:: WHAT YOU WILL DO ::
Restate word for word the lines of the listing below, from its first line through the line with "VAZN 2021 New", without the pictures.
[[ DATA SUPPLIED, beginning ]]
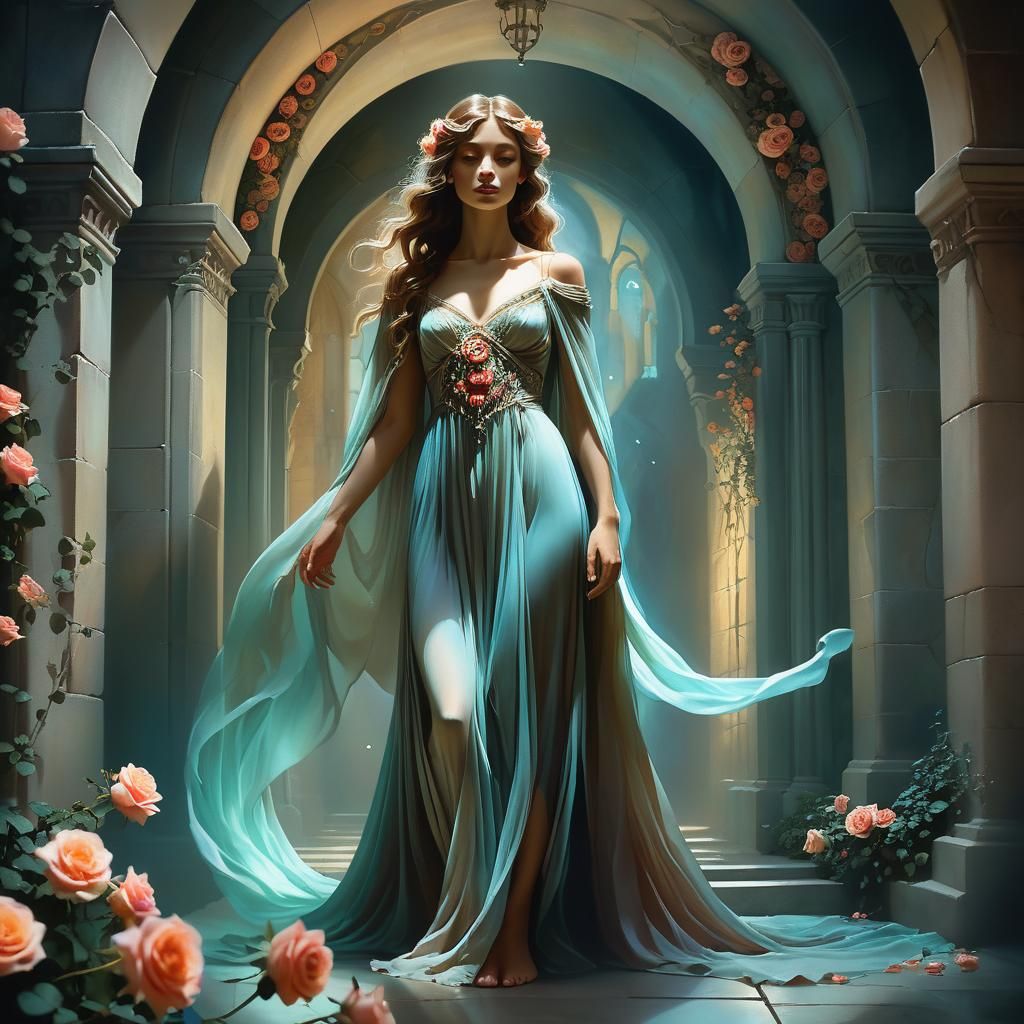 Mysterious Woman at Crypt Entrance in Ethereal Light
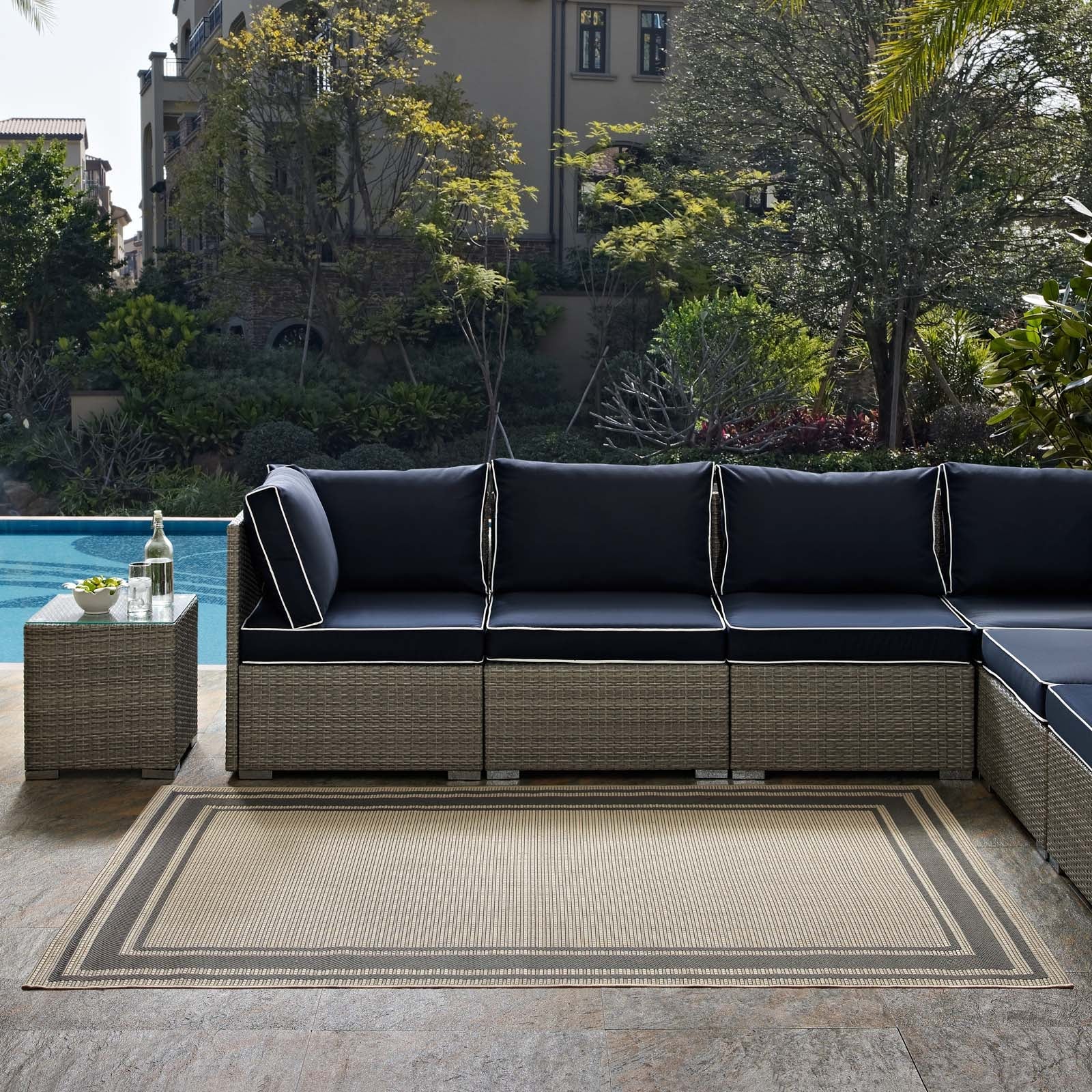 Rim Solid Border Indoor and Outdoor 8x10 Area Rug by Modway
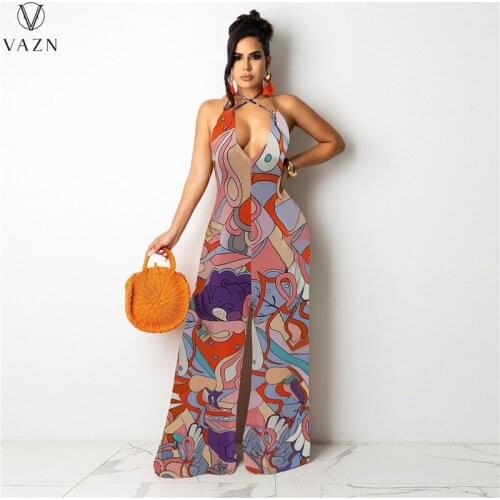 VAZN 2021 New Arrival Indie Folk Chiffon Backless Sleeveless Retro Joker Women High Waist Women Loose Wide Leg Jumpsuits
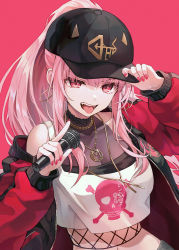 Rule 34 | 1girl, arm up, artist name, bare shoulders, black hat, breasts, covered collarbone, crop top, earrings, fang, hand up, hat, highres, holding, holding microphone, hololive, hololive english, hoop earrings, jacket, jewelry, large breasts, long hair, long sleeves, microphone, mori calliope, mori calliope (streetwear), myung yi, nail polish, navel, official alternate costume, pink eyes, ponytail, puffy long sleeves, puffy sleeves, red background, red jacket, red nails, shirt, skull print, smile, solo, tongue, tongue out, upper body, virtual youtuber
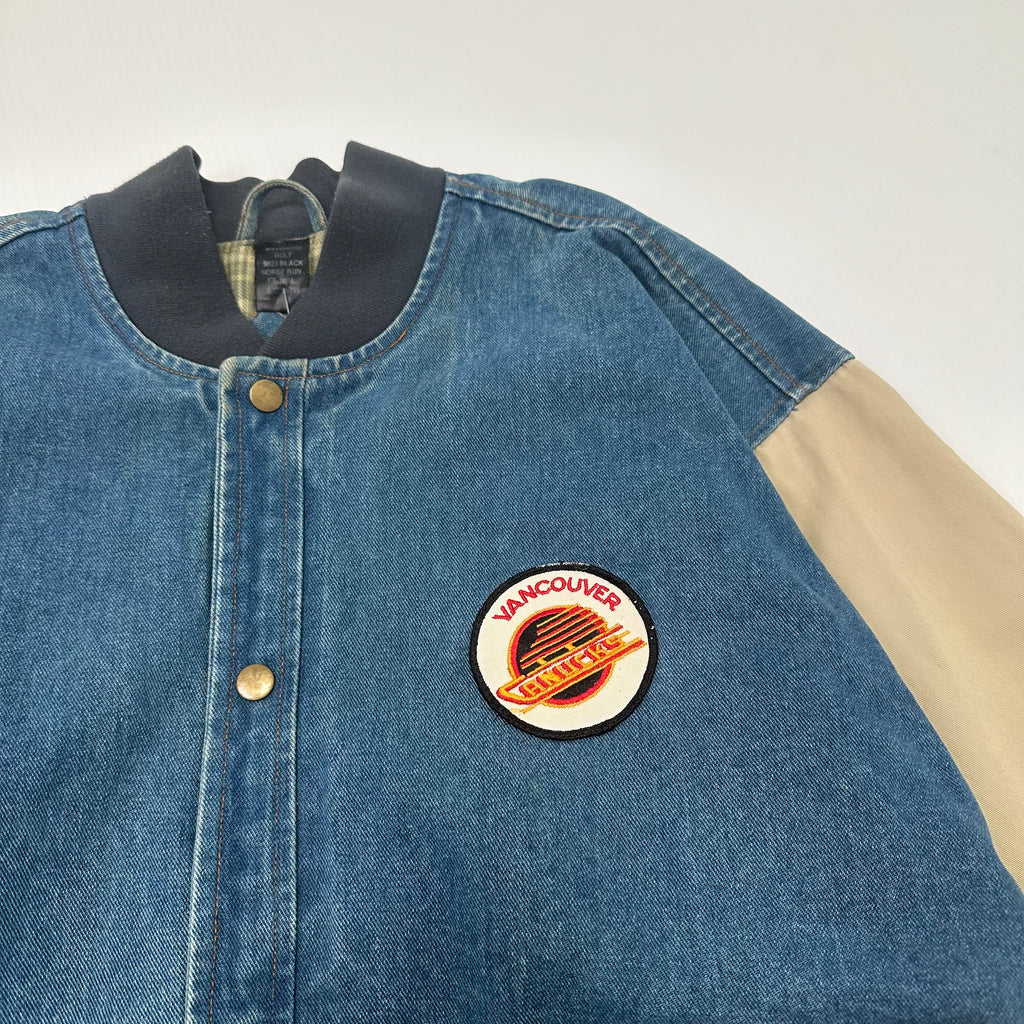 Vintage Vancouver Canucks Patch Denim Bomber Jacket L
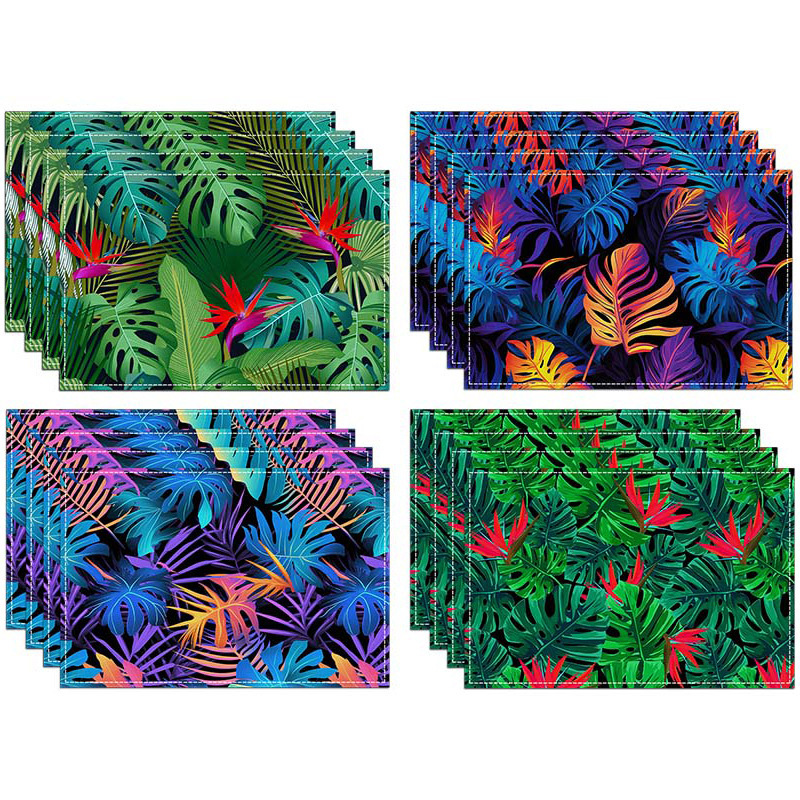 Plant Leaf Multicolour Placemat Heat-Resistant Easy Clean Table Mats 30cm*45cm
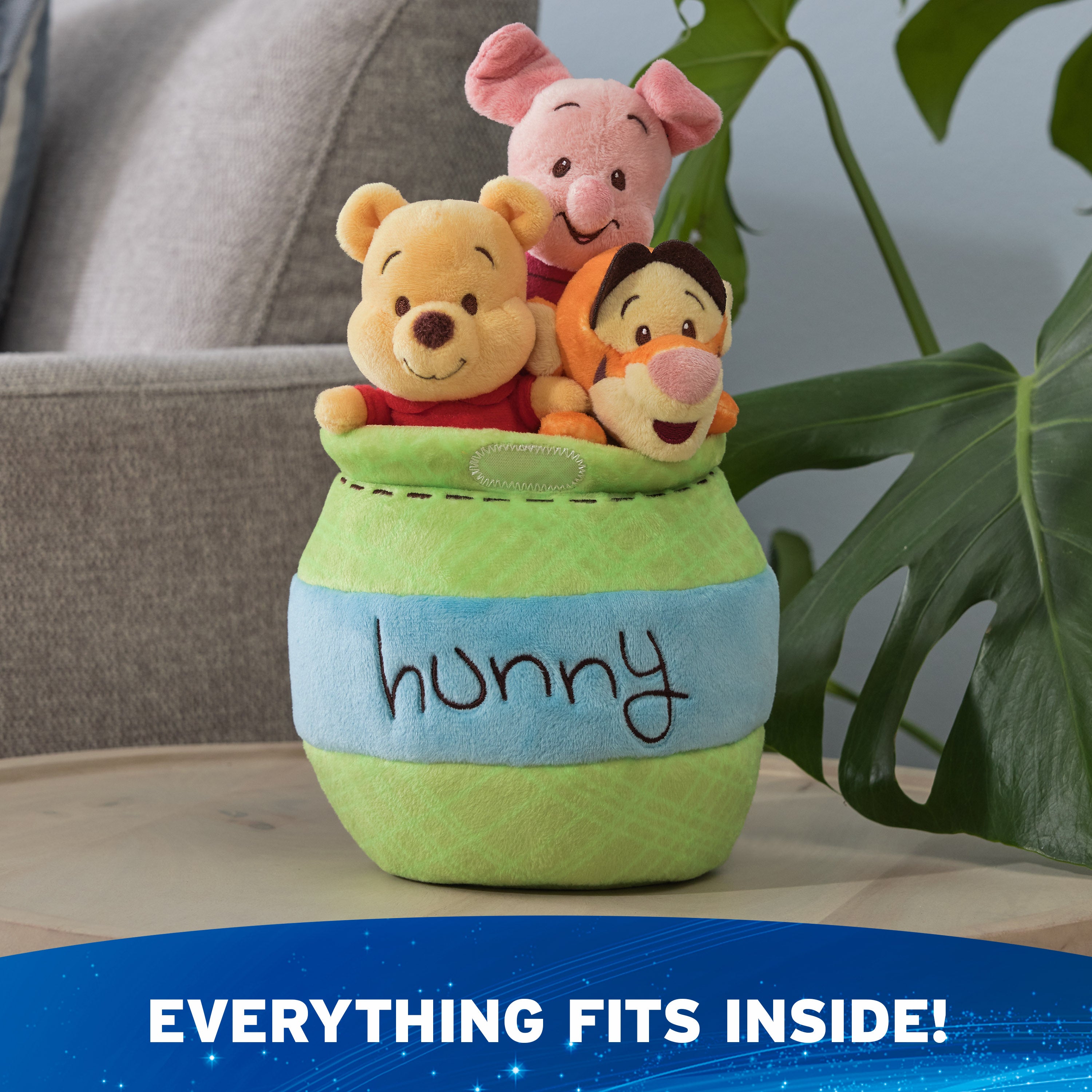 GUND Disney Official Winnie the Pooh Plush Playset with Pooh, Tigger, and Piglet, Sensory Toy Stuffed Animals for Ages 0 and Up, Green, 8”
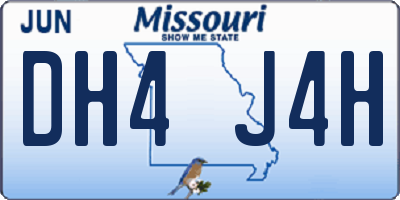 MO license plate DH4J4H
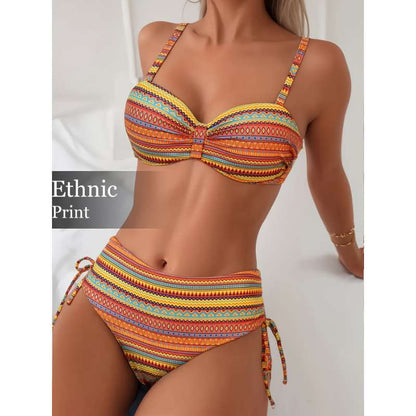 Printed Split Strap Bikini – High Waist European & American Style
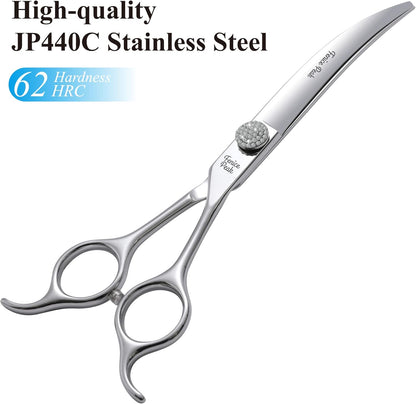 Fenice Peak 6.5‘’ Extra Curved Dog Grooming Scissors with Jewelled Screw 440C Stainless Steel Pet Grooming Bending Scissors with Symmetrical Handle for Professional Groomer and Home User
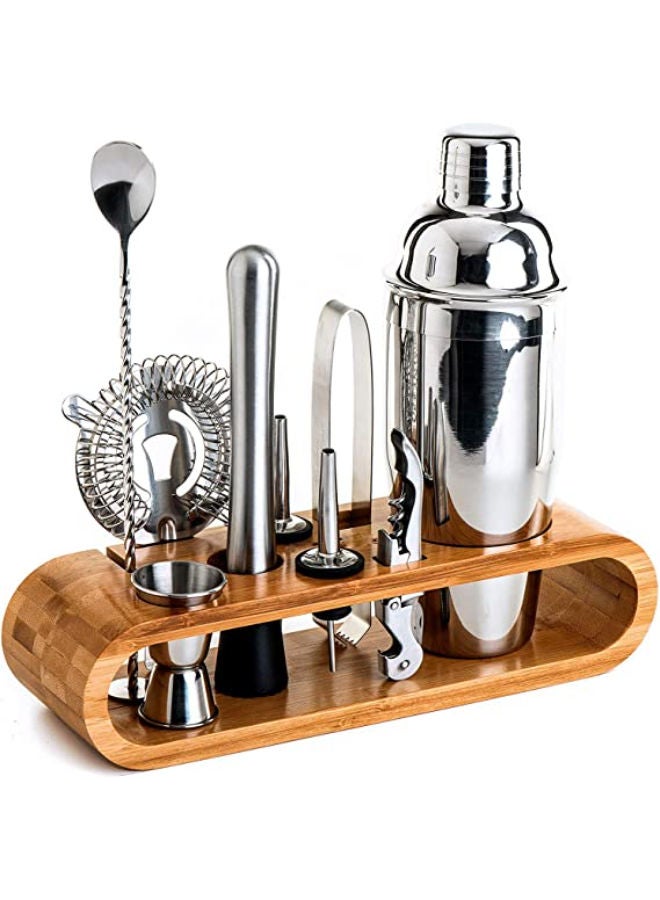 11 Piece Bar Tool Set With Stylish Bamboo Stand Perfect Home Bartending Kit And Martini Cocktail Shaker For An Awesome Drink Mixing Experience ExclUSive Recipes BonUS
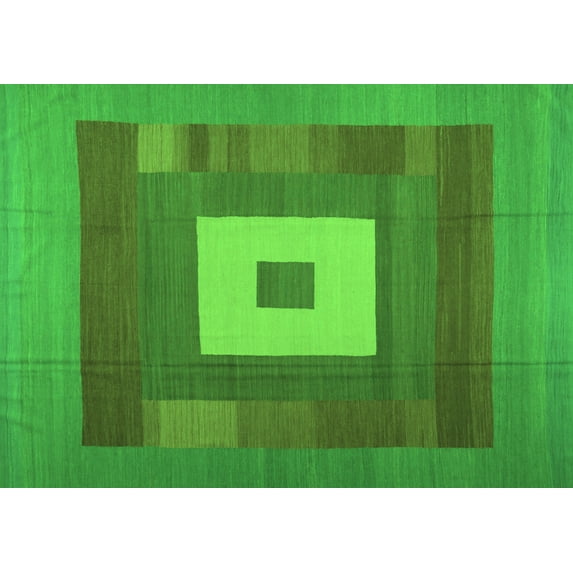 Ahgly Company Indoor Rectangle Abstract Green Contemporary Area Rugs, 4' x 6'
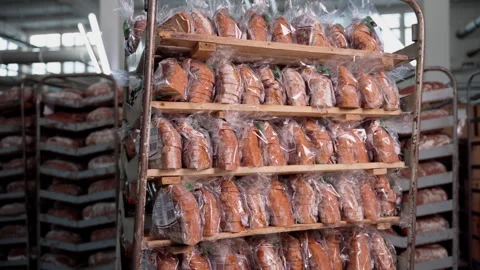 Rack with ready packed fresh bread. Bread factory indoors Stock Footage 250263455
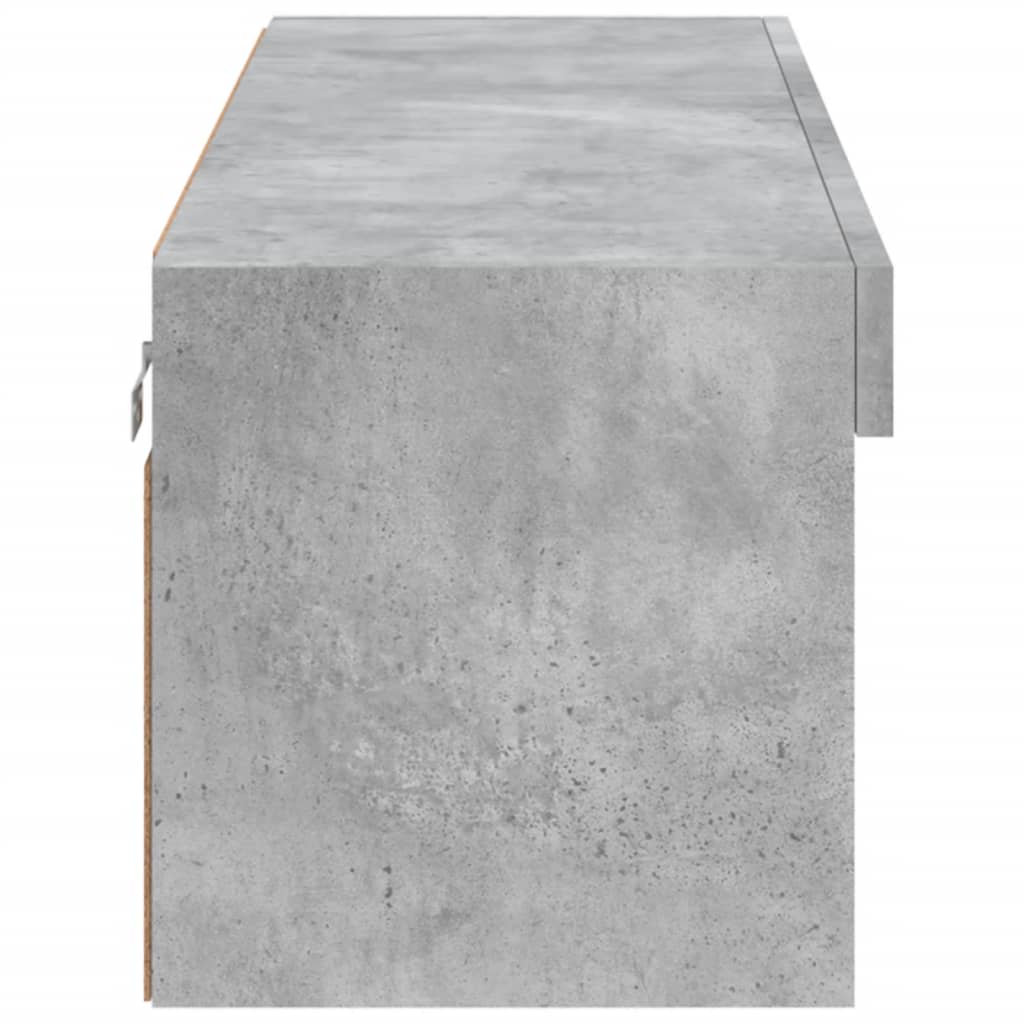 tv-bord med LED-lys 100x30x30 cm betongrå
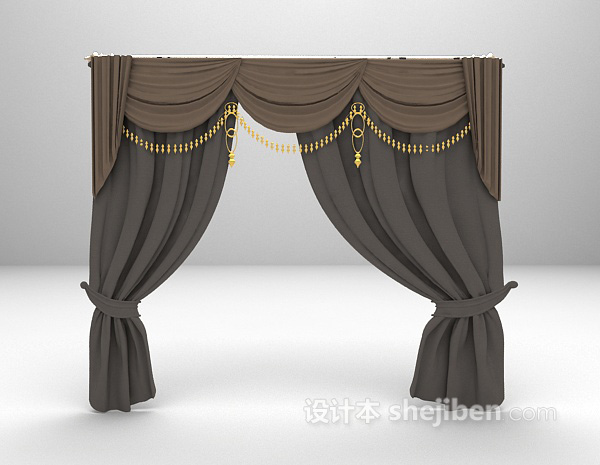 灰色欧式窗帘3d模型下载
[[ DATA SUPPLIED, end ]]
:: SOLVED EXERCISE ::
 Mysterious Woman at Crypt Entrance in Ethereal Light
 Rim Solid Border Indoor and Outdoor 8x10 Area Rug by Modway
 VAZN 2021 New Arrival Indie Folk Chiffon Backless Sleeveless Retro Joker Women High Waist Women Loose Wide Leg Jumpsuits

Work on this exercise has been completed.